Bouuuum Fsssss baaam… Cela fait presque un mois que de nombreuses villes marocaines ont des allures de champs de bataille. Non, il ne s’agit pas d’une guerre civile, mais simplement du bruit causé par l’explosion des pétards. Bien que l’achat et la vente de ces engins soient interdits au Maroc depuis de nombreuses années, beaucoup d’enfants et d'adolescents s’adonnent à cette pratique dangereuse tous les ans, à l’approche de la fête de Achoura. Daech, Ronaldo, Messi, nahla, bota, granada… ces pétards, qui sont généralement importés de Chine par des contrebandiers, sont disponibles en vente libre chez les détaillants sur les grands marchés, comme celui de Derb Omar à Casablanca.
Afin de lutter contre cette pratique, les services de la police judiciaire et de la sécurité publique organisent actuellement une campagne de saisie de ces explosifs dans les différents points de vente. «La campagne de lutte contre le commerce dangereux des pétards, les feux d’artifice et autres explosifs a commencé depuis une dizaine de jours. Nous effectuons quotidiennement des descentes dans les points de vente connus tels que Derb Omar. Nous réalisons des saisies quotidiennes de milliers d’explosifs.
À ce jour, 16.000 pétards ont été saisis», affirme une source policière du district de Casa-Anfa.
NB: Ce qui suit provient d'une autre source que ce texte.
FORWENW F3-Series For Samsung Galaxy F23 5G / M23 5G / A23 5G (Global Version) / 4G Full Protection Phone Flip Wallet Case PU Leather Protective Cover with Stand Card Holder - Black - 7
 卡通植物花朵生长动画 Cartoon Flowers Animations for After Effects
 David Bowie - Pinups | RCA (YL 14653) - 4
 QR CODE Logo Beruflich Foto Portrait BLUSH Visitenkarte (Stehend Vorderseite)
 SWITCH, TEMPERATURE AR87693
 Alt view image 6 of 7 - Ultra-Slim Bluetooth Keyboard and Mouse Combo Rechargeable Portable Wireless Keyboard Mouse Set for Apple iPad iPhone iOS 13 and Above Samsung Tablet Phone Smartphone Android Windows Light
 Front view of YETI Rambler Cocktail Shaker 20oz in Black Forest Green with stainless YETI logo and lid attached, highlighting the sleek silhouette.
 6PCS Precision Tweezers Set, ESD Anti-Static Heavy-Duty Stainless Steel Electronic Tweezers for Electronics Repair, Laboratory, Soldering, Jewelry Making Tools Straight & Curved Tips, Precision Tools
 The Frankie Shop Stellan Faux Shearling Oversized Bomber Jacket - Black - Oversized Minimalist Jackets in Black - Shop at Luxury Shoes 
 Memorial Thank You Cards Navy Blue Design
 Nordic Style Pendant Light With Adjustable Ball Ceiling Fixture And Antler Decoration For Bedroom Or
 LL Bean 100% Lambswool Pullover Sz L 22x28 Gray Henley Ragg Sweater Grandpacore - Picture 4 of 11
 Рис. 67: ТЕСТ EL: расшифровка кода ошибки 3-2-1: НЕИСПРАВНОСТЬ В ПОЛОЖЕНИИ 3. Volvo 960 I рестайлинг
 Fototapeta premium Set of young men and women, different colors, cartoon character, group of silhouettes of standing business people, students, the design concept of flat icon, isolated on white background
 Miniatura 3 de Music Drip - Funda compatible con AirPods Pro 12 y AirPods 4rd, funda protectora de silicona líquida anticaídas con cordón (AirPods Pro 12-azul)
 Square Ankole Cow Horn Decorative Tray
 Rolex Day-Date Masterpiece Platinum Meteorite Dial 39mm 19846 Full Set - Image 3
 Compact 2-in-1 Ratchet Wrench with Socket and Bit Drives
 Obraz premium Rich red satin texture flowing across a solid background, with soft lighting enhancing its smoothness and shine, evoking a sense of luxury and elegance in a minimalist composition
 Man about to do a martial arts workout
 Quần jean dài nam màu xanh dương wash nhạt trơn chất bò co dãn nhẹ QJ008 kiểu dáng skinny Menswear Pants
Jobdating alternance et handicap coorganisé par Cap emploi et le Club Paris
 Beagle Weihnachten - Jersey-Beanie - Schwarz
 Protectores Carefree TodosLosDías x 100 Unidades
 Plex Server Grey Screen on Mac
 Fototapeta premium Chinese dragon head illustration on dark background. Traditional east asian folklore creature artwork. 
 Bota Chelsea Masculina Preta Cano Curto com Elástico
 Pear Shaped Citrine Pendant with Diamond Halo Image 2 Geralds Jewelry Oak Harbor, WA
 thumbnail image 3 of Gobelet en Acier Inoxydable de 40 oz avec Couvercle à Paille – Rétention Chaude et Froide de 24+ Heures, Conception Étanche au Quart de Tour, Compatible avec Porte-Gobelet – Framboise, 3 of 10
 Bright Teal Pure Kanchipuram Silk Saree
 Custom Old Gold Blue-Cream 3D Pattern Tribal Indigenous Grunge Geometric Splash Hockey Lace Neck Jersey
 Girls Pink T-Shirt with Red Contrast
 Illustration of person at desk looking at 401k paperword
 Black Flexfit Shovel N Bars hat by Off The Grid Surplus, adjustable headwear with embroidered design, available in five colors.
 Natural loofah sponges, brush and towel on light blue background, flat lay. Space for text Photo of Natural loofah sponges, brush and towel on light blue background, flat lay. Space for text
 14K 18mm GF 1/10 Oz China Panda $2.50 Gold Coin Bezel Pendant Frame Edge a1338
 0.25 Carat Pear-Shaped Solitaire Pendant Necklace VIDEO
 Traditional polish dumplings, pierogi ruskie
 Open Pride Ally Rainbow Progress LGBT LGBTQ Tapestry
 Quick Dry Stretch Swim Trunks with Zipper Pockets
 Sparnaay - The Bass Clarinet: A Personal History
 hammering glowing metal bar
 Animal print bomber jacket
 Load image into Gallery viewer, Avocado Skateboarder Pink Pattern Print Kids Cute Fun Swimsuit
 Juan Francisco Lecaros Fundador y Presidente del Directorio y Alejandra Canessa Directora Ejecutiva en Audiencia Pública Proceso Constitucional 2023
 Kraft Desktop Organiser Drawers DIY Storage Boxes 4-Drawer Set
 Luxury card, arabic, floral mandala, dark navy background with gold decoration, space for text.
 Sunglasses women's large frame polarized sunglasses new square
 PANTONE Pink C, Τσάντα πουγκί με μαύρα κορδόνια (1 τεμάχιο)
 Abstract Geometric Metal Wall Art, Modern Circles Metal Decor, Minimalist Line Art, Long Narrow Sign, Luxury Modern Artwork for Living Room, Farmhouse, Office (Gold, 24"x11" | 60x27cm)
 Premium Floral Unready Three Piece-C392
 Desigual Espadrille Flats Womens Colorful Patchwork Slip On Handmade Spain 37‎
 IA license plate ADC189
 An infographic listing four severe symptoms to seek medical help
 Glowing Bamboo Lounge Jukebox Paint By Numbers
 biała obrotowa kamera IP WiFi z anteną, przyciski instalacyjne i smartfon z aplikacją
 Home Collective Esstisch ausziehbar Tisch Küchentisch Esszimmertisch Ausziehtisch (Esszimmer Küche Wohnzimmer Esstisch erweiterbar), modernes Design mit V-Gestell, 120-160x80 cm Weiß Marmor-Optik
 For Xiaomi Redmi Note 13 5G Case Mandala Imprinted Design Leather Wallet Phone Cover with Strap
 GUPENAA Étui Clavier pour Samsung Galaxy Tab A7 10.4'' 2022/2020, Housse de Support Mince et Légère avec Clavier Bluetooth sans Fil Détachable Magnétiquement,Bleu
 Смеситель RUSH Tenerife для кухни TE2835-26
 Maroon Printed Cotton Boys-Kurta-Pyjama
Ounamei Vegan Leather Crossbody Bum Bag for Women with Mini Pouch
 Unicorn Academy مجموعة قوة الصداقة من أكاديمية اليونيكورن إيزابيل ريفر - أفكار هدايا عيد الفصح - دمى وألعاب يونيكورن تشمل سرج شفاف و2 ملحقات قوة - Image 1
Malheureusement, les efforts fournis par les autorités restent insuffisants pour lutter efficacement contre ce phénomène.
Les enfants adeptes de ce genre pratique font leurs provisions à l'avance et achètent de grandes quantités d’explosifs : des paquets de 30 petits pétards vendus entre 10 et 15 dirhams ou de gros pétards vendus entre 30 à 50 DH l’unité.
Les enfants se rassemblent à la sortie des écoles, dans les rues ou les jardins publics, pour se livrer parfois pendant des heures à leur activité favorite en cette période, transformant le quotidien des citoyens en véritable cauchemar.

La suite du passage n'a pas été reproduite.